About one-third of the film was shot on location in wooded areas in Surrey and Kent, and the rest at London’s Shepperton Studios, where an artificial forest was built — and rebuilt. (Spoiler alert: The film includes at least one destructive, pissed-off Giant.) Marshall wanted to avoid greenscreen whenever possible. Blunt welcomed the chance to creep through real foliage. ”Having things to touch and lean upon and fall over and get caught up in is infinitely more helpful than trying to pretend with some greenscreen pole,” she says.
With characters who are already larger than life, Marshall had good reason to decide against shooting in 3-D on his relatively modest budget of roughly $50 million — visual effects cost money, which doesn’t grow on trees (sorry). Though Disney spent an estimated $200 million each on Alice in Wonderland and Maleficent, Marshall doesn’t seem bitter about drawing the skinny wallet from the studio. ”It felt like going back to our theater roots,” he says. ”You don’t have a lot of money, so how do you make it work?”

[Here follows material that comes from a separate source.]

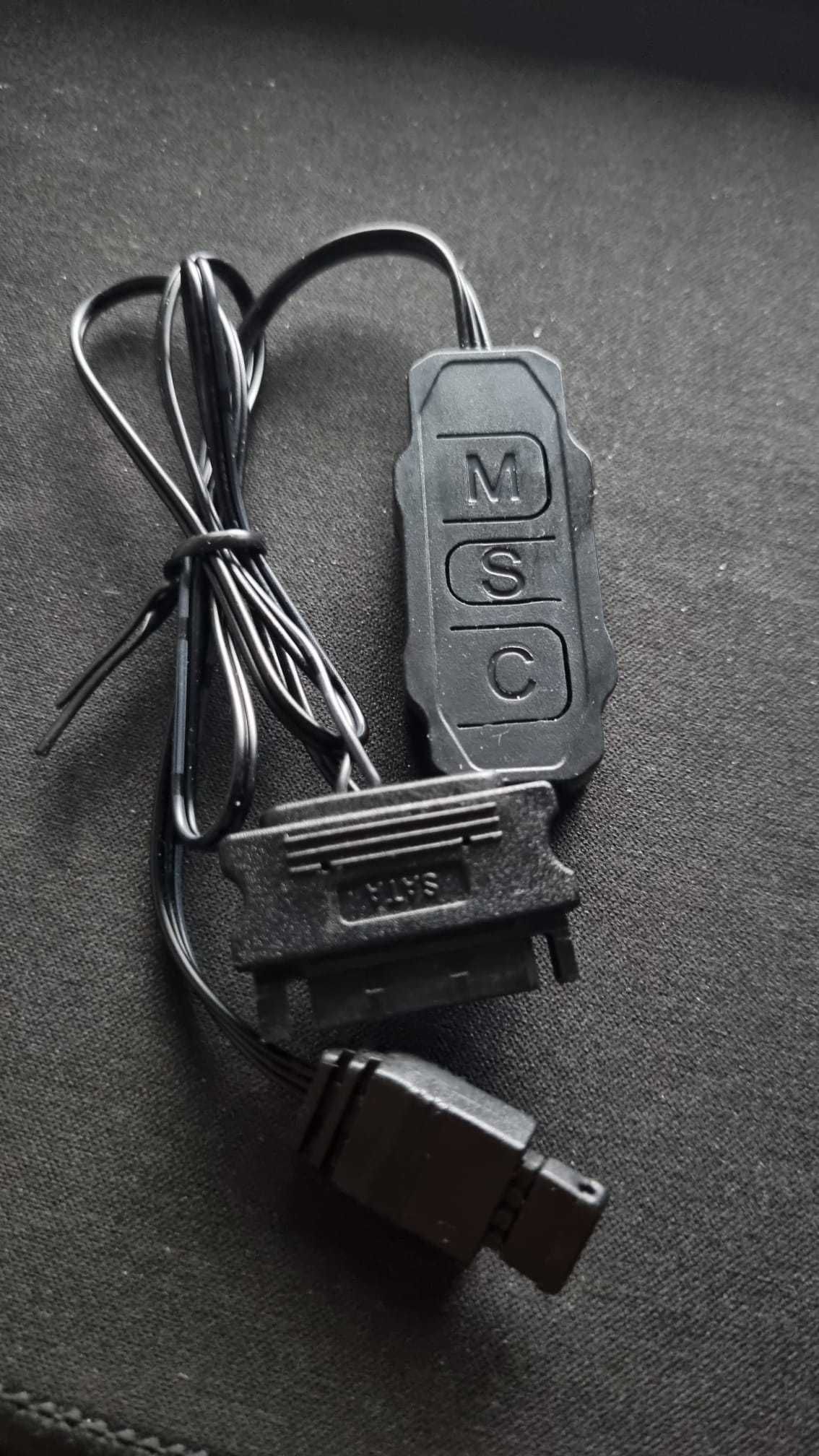 Magnetic 9 FAN Hub Splitter ARGB & PWM - Alb/Negru cu Telecomanda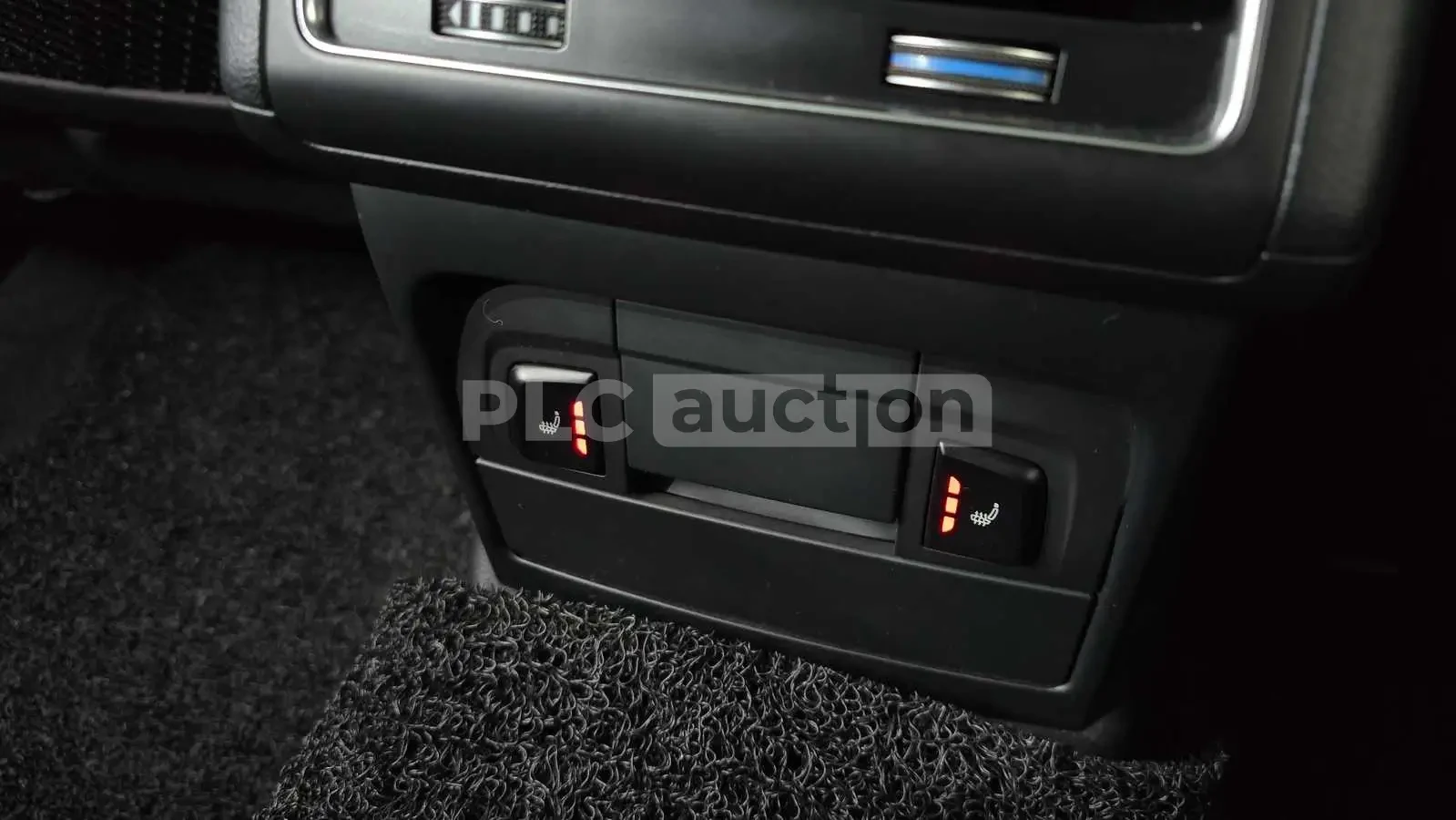 Audi Q5 * Обдухване * Подгрев * Панорама * , снимка 16 - Автомобили и джипове - 54267383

Most members of the cast, including Corden and Pine, were babes in the woods when it came to big-screen musicals. But even a veteran like Streep, whose highest-grossing film is Mamma Mia!, felt a smidge intimidated by Sondheim’s notoriously challenging score. ”My first day in the production was in a recording studio with Stephen Sondheim standing outside the booth, cans on his ears, listening to me sing his music with the London Symphony Orchestra,” she recalls, laughing. ”It was, truly, terrifying.”
Since 1987, Sondheim and Lapine’s musical has become one of the most produced shows — more than 600,000 people have worked on a production, according to amateur licensing company Music Theatre International. Audiences have long gravitated to the show because, much like the original fairy tales themselves, it grapples with grown-up issues cloaked in a kid-accessible world. ”These fairy tales can be taken at face value and dismissed, but [Woods] is a great way to welcome children into the human condition,” Pine says. ”Unfortunately, people die, as people do. That’s what Sondheim is doing, and I think it’s why [this show] is done so often.”
The musical’s popularity, of course, can be a mixed blessing. When Sondheim hinted this summer that Marshall’s film might tone down some of Woods‘ sexual innuendo and violent character deaths, fans tore into the filmmakers online. The director insists that he’s stayed true to the material while not literally reproducing the stage version. ”You have to be smart enough to stand back and say, ‘Let’s serve the film,”’ says Marshall, who collaborated with Sondheim and Lapine on every change. One such alteration: On stage, Cinderella sings ”On the Steps of the Palace” in the woods after she’s fled the ball, leaving her slipper behind. In the film, Marshall says, ”it’s now done in the present with her actually running down the steps — you just can’t do that on stage.”
Thanks to carnal wolves, death, adultery, and thorn-based blinding accidents, Woods is darker than the usual Disney fairy tale. But it’s still a happy ending for a project that was lost in the brambles for almost 30 years. ”I remember James [Lapine] saying, ‘Steve and I would love you to do this, but we just want to make sure it really gets made this time,”’ Marshall says. Wish: granted.